The move to equalise pension ages between men and women began 25 years ago under John Major’s government, and has been phased in gradually.
Now, women who are 65 on 6 November will be the first to receive their pension at the same age as men.
However, campaigners claim that women are still a long way from ‘true’ pension equality because the amount they typically receive is lower.
Men and women will begin to see their state pension ages rise together, from age 65 to 66 by October 2020, and to 67 by 2028.
Why? We’re Living Longer
The move to increase the state pension age is the result of us living for longer, according to the Department for Work and Pensions.
In 1951, girls had a life expectancy of 82 years, and boys could expect to live 77 years.
A girl born today can expect to reach the age of 93, with boys’ life expectancy rising to 90.

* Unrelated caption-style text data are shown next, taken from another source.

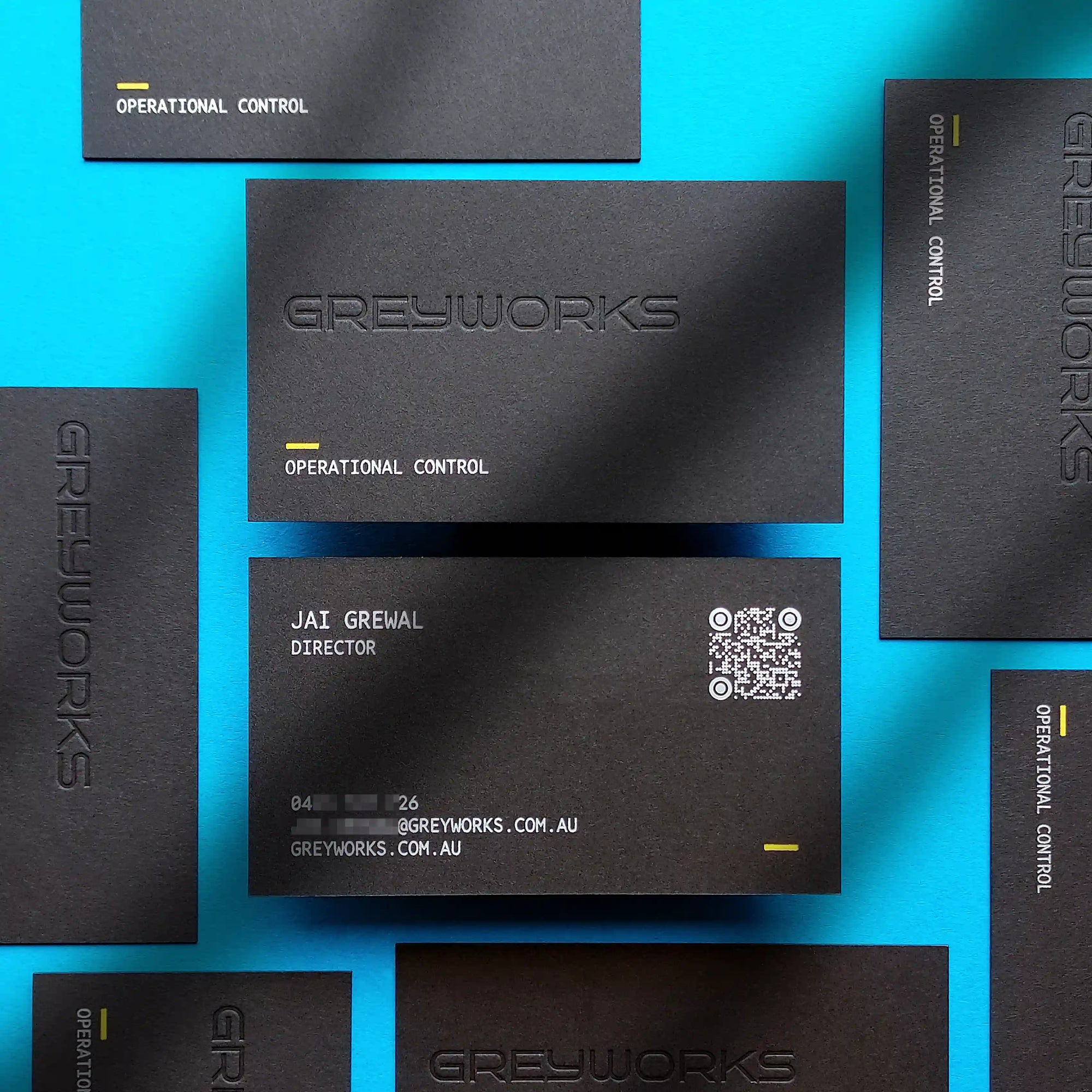Bespoke 700gsm black business cards with custom yellow hot foil details, matte silver branding, and standalone blind deboss sections engineered by OddPlanPrint.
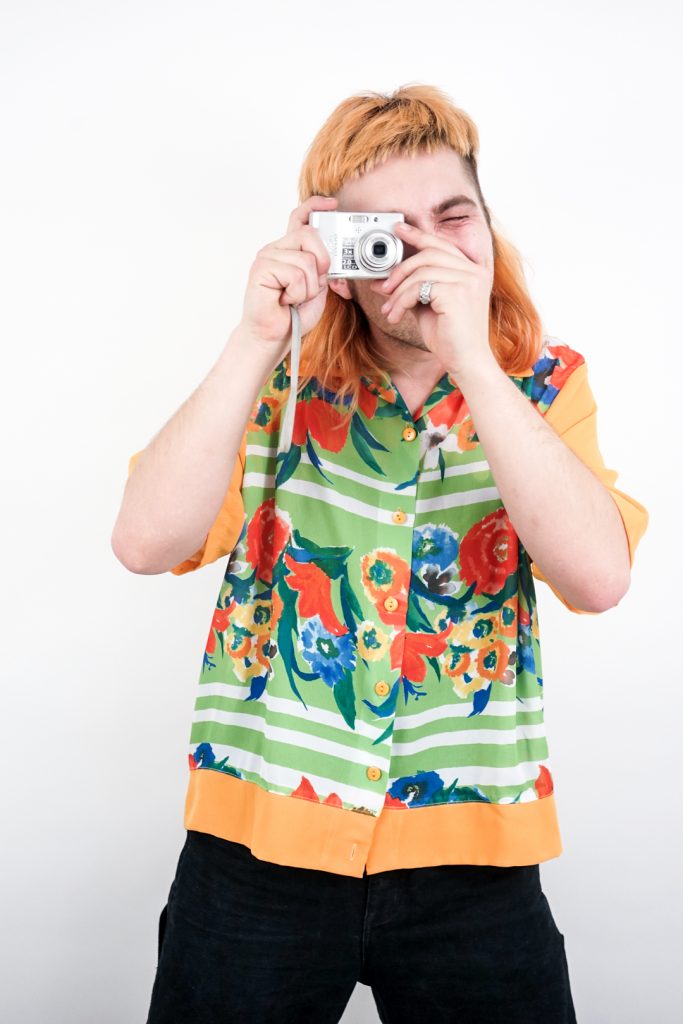 flowing vibrant see-through floral button-up shirt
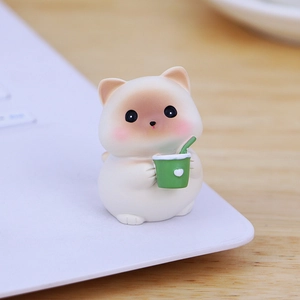 Cute white resin cat figurine holding a green heart cup for car and desk decoration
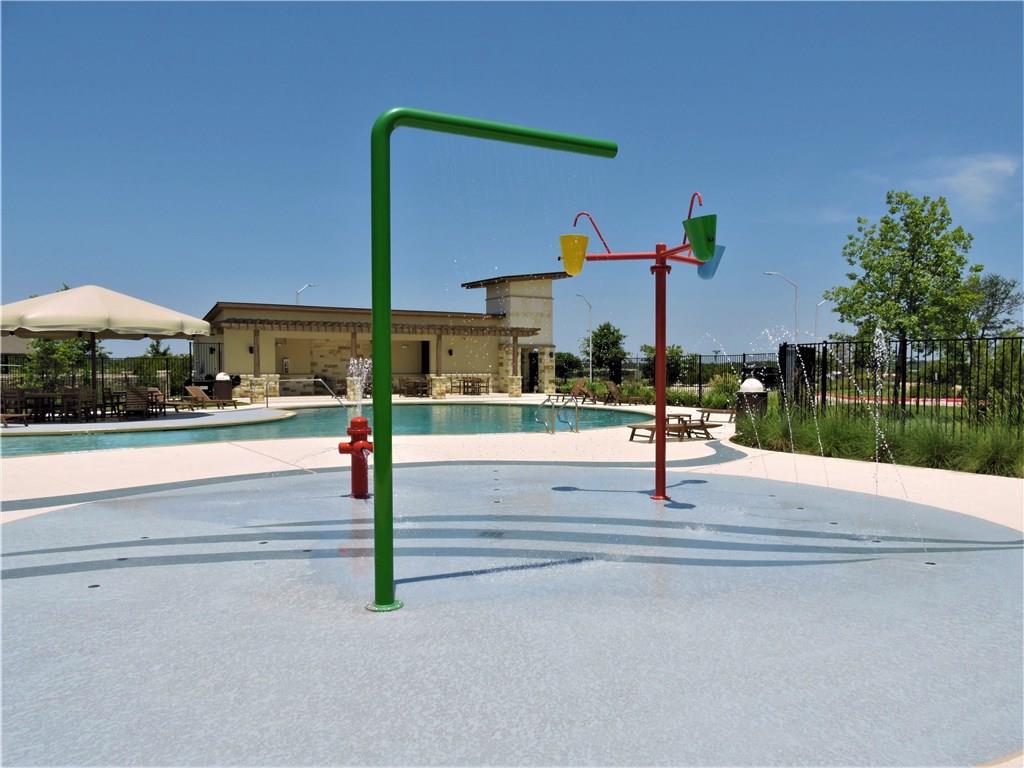 1005 Sundrops Street Leander, TX 78641 - Photo 32 of 39 a view of street with an apartment building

In response, several governments have said that, unless the qualifying age for state pensions went up, they would become unaffordable.
Campaigners Warn Against the Change
WASPI Campaigners in Pembrokeshire. Credit: Jim Hughes
Despite the parity of age, campaigners have warned that men and women remain far from equal when it comes to the pension pot.
Figures show that in 2017 the average woman’s state pension was worth £126 a week, compared with £154 for men.
However, these figures exclude claims for Pension Credit, which has more female recipients than male.
Women Against State Pension Age Inequality (WASPI) has campaigned for women to be compensated for the late notice about changing the pension age in 1995 and 2011 – which meant that some women could not adjust their retirement plan in time.
The group say they will continue their campaign to win compensation for those who were unaware that their state pension age was going to rise.
The Equality Act 2010 prohibits discrimination on the basis of gender.
Debbie de Spon, a spokesperson for WASPI, argued, “equalisation is not just about the age you reach retirement, but also your ability to generate a full state pension entitlement, and pay into a private pension, to have any hope of security in retirement.”